A propos des îles de glace, par Preben Gudmandsen (Institut National Spatial du Danemark)
Eric, je crois que nous observons actuellement un nouveau phénomène, mais que sait on du passé, lorsque nous n'avions pas de satellite pour nous aider ?
Mes premières observations de vêlage du glacier Petermann, dans les années 90, étaient basées sur des images satellites du chenal Kennedy qui présentaient trois plaques de banquise différentes de toutes les autres en provenance de la mer de Lincoln. Ces images SAR furent enregistrées par hasard par le satellite européen ERS-1 quelques semaines après son lancement en 1991. Par chance, d'autres observations prises deux et quatre semaines avant ont montré que ces morceaux de banquise venaient du glacier Petermann. En me basant sur des observations aériennes antérieures, j'en ai déduit que le vêlage aurait lieu tous les 9 ou 10 ans.
Le vêlage suivant a eu lieu en 2000, j'avais donc raison, mais le climat a changé depuis et le vêlage majeur suivant eu lieu en 2008, toutefois plus petit qu'avant et que ce que nous avons vu récemment. Comme vous le savez, nous avons eu d'autres vêlages du glacier Petermann en 2010 et aussi en 2012. Ces vêlages majeurs proviennent de plus haut sur la langue flottante du glacier, ce qui signifie que l'épaisseur et donc le tirant d'eau a augmenté (le principal processus de fusion de la langue du glacier a lieu à partir de l'eau sous-jacente).

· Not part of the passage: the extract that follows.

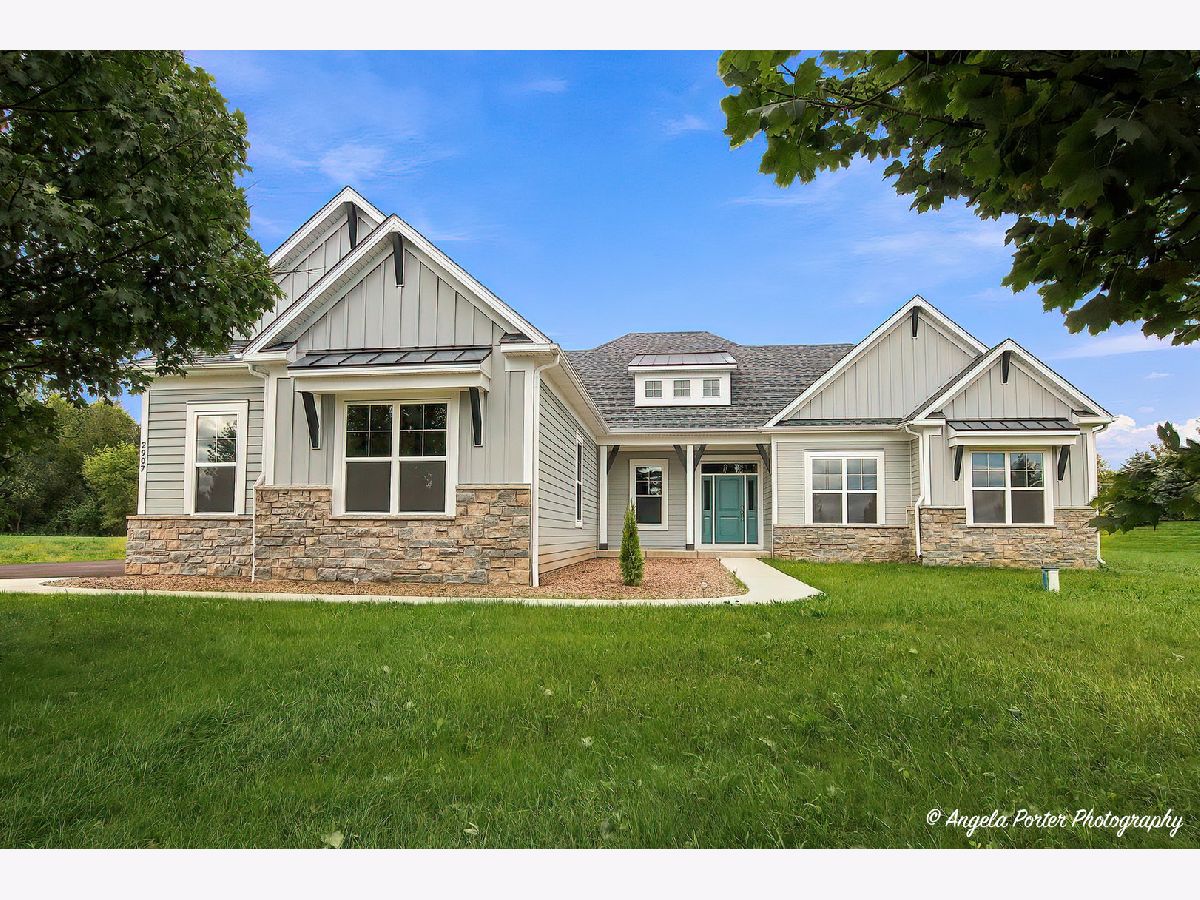 Homes For Sale Pioneer Oaks Ringwood Illinois, 2907 Pioneer Oaks Drive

Cela signifie que nous avons plus d'îles de glace qu'avant, et en raison de l'augmentation du tirant d'eau, la probabilité d'échouage augmente. Oui, c'est une situation particulière que nous vivons.
Les images d'ERS-1 de la mer de Lincoln ont montré que, en 1991, il y avait aussi une île de glace venant du glacier Steensby ou du glacier Ryder mais je n'ai qu'une seule observation. Ce que nous voyons aujourd'hui, c'est que cela arrive de nouveau et plus fréquemment qu'auparavant.
De plus, vous observez une situation unique avec ces nombreux fragments de vêlages du Groenland, disséminés le long de la côte de l'île de Baffin, sondant la bathymétrie côtière (méconnue). Ne connaissant pas le tirant d'eau exact des icebergs, cela est toutefois d'intérêt mineur. Plusieurs d'entre eux se sont échoués sur leur parcours, ont repris leurs dérives pour s'échouer un peu plus au sud.
Oui, vous rencontrez quelque chose de très intéressant.